• Directions
Return every record in full. Match each one exactly.
════
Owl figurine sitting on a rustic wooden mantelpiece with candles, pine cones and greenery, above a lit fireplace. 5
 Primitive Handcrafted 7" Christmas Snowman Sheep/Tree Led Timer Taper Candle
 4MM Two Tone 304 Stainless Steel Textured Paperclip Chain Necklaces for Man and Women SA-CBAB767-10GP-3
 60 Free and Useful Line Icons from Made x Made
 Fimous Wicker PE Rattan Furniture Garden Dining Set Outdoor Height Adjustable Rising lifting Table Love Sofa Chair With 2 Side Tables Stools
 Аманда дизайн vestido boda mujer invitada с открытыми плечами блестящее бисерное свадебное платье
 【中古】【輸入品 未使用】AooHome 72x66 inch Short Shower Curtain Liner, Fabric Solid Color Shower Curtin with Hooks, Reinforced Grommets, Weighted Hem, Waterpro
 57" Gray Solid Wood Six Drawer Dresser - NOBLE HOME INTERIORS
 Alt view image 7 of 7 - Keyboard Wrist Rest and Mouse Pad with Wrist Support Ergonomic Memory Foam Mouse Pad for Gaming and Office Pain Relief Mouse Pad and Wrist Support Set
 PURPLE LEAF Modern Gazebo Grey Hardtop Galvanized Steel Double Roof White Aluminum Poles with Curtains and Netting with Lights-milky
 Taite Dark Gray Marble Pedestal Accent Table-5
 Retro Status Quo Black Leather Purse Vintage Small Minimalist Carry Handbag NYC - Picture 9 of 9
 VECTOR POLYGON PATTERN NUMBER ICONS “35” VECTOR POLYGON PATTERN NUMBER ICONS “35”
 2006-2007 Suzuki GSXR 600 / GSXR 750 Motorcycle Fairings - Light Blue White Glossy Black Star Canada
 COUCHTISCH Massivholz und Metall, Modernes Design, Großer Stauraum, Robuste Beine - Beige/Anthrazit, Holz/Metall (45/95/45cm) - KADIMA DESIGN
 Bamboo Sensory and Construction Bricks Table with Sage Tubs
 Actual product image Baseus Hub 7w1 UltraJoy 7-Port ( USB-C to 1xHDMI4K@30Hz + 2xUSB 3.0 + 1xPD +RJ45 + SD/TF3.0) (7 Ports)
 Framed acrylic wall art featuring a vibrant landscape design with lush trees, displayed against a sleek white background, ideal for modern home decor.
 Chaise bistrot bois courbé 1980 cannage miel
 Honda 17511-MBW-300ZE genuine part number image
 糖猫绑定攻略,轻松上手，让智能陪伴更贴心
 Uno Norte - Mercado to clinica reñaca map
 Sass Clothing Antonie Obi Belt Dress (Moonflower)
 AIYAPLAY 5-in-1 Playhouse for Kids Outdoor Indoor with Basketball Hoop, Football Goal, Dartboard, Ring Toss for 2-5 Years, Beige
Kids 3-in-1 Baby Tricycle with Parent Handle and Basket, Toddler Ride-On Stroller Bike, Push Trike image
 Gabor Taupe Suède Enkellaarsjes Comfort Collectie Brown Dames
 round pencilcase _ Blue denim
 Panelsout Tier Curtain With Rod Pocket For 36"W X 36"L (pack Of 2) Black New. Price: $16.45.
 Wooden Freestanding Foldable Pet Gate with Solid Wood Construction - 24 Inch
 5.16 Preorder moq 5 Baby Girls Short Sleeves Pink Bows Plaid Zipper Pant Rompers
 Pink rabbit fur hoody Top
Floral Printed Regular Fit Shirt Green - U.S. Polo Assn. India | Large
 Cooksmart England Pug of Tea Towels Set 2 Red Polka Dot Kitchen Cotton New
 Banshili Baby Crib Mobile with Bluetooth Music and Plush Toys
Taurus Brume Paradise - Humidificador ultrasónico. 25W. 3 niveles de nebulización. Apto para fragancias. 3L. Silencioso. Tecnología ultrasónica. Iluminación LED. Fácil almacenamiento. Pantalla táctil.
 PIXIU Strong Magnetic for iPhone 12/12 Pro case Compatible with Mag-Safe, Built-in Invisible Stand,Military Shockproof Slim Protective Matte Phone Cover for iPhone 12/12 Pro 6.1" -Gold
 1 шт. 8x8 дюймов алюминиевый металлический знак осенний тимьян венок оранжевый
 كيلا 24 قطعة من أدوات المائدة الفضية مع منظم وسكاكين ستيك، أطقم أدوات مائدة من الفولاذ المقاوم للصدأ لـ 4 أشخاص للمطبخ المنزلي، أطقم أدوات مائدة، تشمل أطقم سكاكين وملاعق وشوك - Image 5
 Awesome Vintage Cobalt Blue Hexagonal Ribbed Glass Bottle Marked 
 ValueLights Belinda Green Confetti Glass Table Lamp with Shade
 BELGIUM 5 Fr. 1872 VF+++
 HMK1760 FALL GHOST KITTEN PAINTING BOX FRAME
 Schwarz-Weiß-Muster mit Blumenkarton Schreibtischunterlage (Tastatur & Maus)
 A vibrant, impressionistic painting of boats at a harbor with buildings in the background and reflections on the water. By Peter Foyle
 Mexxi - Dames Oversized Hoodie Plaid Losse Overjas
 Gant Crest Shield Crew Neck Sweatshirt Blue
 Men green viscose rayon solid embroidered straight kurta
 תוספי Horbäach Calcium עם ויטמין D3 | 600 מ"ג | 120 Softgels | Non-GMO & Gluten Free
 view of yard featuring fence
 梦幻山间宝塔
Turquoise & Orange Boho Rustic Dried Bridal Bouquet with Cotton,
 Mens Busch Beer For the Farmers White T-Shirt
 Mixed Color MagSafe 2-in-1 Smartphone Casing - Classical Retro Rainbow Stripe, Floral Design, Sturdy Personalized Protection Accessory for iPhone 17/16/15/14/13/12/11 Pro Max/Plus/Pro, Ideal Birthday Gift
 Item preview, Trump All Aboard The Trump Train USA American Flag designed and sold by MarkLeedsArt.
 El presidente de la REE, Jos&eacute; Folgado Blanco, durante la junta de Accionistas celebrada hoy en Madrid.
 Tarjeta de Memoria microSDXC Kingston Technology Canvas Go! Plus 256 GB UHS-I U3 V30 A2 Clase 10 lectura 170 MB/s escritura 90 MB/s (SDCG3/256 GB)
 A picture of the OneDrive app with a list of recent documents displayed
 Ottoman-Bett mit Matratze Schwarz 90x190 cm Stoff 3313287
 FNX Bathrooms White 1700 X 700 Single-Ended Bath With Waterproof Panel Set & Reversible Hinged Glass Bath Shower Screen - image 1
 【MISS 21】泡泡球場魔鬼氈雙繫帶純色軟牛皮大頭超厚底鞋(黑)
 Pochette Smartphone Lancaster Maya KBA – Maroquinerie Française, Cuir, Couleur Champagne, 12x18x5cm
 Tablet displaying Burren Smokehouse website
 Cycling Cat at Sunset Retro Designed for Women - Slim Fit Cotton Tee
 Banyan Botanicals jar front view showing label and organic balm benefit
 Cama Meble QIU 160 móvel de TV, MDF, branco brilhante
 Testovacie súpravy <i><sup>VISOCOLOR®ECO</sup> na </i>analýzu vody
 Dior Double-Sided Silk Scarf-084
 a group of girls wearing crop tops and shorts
════
• Answer space
Owl figurine sitting on a rustic wooden mantelpiece with candles, pine cones and greenery, above a lit fireplace. 5
 Primitive Handcrafted 7" Christmas Snowman Sheep/Tree Led Timer Taper Candle
 4MM Two Tone 304 Stainless Steel Textured Paperclip Chain Necklaces for Man and Women SA-CBAB767-10GP-3
 60 Free and Useful Line Icons from Made x Made
 Fimous Wicker PE Rattan Furniture Garden Dining Set Outdoor Height Adjustable Rising lifting Table Love Sofa Chair With 2 Side Tables Stools
 Аманда дизайн vestido boda mujer invitada с открытыми плечами блестящее бисерное свадебное платье
 【中古】【輸入品 未使用】AooHome 72x66 inch Short Shower Curtain Liner, Fabric Solid Color Shower Curtin with Hooks, Reinforced Grommets, Weighted Hem, Waterpro
 57" Gray Solid Wood Six Drawer Dresser - NOBLE HOME INTERIORS
 Alt view image 7 of 7 - Keyboard Wrist Rest and Mouse Pad with Wrist Support Ergonomic Memory Foam Mouse Pad for Gaming and Office Pain Relief Mouse Pad and Wrist Support Set
 PURPLE LEAF Modern Gazebo Grey Hardtop Galvanized Steel Double Roof White Aluminum Poles with Curtains and Netting with Lights-milky
 Taite Dark Gray Marble Pedestal Accent Table-5
 Retro Status Quo Black Leather Purse Vintage Small Minimalist Carry Handbag NYC - Picture 9 of 9
 VECTOR POLYGON PATTERN NUMBER ICONS “35” VECTOR POLYGON PATTERN NUMBER ICONS “35”
 2006-2007 Suzuki GSXR 600 / GSXR 750 Motorcycle Fairings - Light Blue White Glossy Black Star Canada
 COUCHTISCH Massivholz und Metall, Modernes Design, Großer Stauraum, Robuste Beine - Beige/Anthrazit, Holz/Metall (45/95/45cm) - KADIMA DESIGN
 Bamboo Sensory and Construction Bricks Table with Sage Tubs
 Actual product image Baseus Hub 7w1 UltraJoy 7-Port ( USB-C to 1xHDMI4K@30Hz + 2xUSB 3.0 + 1xPD +RJ45 + SD/TF3.0) (7 Ports)
 Framed acrylic wall art featuring a vibrant landscape design with lush trees, displayed against a sleek white background, ideal for modern home decor.
 Chaise bistrot bois courbé 1980 cannage miel
 Honda 17511-MBW-300ZE genuine part number image
 糖猫绑定攻略,轻松上手，让智能陪伴更贴心
 Uno Norte - Mercado to clinica reñaca map
 Sass Clothing Antonie Obi Belt Dress (Moonflower)
 AIYAPLAY 5-in-1 Playhouse for Kids Outdoor Indoor with Basketball Hoop, Football Goal, Dartboard, Ring Toss for 2-5 Years, Beige
Kids 3-in-1 Baby Tricycle with Parent Handle and Basket, Toddler Ride-On Stroller Bike, Push Trike image
 Gabor Taupe Suède Enkellaarsjes Comfort Collectie Brown Dames
 round pencilcase _ Blue denim
 Panelsout Tier Curtain With Rod Pocket For 36"W X 36"L (pack Of 2) Black New. Price: $16.45.
 Wooden Freestanding Foldable Pet Gate with Solid Wood Construction - 24 Inch
 5.16 Preorder moq 5 Baby Girls Short Sleeves Pink Bows Plaid Zipper Pant Rompers
 Pink rabbit fur hoody Top
Floral Printed Regular Fit Shirt Green - U.S. Polo Assn. India | Large
 Cooksmart England Pug of Tea Towels Set 2 Red Polka Dot Kitchen Cotton New
 Banshili Baby Crib Mobile with Bluetooth Music and Plush Toys
Taurus Brume Paradise - Humidificador ultrasónico. 25W. 3 niveles de nebulización. Apto para fragancias. 3L. Silencioso. Tecnología ultrasónica. Iluminación LED. Fácil almacenamiento. Pantalla táctil.
 PIXIU Strong Magnetic for iPhone 12/12 Pro case Compatible with Mag-Safe, Built-in Invisible Stand,Military Shockproof Slim Protective Matte Phone Cover for iPhone 12/12 Pro 6.1" -Gold
 1 шт. 8x8 дюймов алюминиевый металлический знак осенний тимьян венок оранжевый
 كيلا 24 قطعة من أدوات المائدة الفضية مع منظم وسكاكين ستيك، أطقم أدوات مائدة من الفولاذ المقاوم للصدأ لـ 4 أشخاص للمطبخ المنزلي، أطقم أدوات مائدة، تشمل أطقم سكاكين وملاعق وشوك - Image 5
 Awesome Vintage Cobalt Blue Hexagonal Ribbed Glass Bottle Marked 
 ValueLights Belinda Green Confetti Glass Table Lamp with Shade
 BELGIUM 5 Fr. 1872 VF+++
 HMK1760 FALL GHOST KITTEN PAINTING BOX FRAME
 Schwarz-Weiß-Muster mit Blumenkarton Schreibtischunterlage (Tastatur & Maus)
 A vibrant, impressionistic painting of boats at a harbor with buildings in the background and reflections on the water. By Peter Foyle
 Mexxi - Dames Oversized Hoodie Plaid Losse Overjas
 Gant Crest Shield Crew Neck Sweatshirt Blue
 Men green viscose rayon solid embroidered straight kurta
 תוספי Horbäach Calcium עם ויטמין D3 | 600 מ"ג | 120 Softgels | Non-GMO & Gluten Free
 view of yard featuring fence
 梦幻山间宝塔
Turquoise & Orange Boho Rustic Dried Bridal Bouquet with Cotton,
 Mens Busch Beer For the Farmers White T-Shirt
 Mixed Color MagSafe 2-in-1 Smartphone Casing - Classical Retro Rainbow Stripe, Floral Design, Sturdy Personalized Protection Accessory for iPhone 17/16/15/14/13/12/11 Pro Max/Plus/Pro, Ideal Birthday Gift
 Item preview, Trump All Aboard The Trump Train USA American Flag designed and sold by MarkLeedsArt.
 El presidente de la REE, Jos&eacute; Folgado Blanco, durante la junta de Accionistas celebrada hoy en Madrid.
 Tarjeta de Memoria microSDXC Kingston Technology Canvas Go! Plus 256 GB UHS-I U3 V30 A2 Clase 10 lectura 170 MB/s escritura 90 MB/s (SDCG3/256 GB)
 A picture of the OneDrive app with a list of recent documents displayed
 Ottoman-Bett mit Matratze Schwarz 90x190 cm Stoff 3313287
 FNX Bathrooms White 1700 X 700 Single-Ended Bath With Waterproof Panel Set & Reversible Hinged Glass Bath Shower Screen - image 1
 【MISS 21】泡泡球場魔鬼氈雙繫帶純色軟牛皮大頭超厚底鞋(黑)
 Pochette Smartphone Lancaster Maya KBA – Maroquinerie Française, Cuir, Couleur Champagne, 12x18x5cm
 Tablet displaying Burren Smokehouse website
 Cycling Cat at Sunset Retro Designed for Women - Slim Fit Cotton Tee
 Banyan Botanicals jar front view showing label and organic balm benefit
 Cama Meble QIU 160 móvel de TV, MDF, branco brilhante
 Testovacie súpravy <i><sup>VISOCOLOR®ECO</sup> na </i>analýzu vody
 Dior Double-Sided Silk Scarf-084
 a group of girls wearing crop tops and shorts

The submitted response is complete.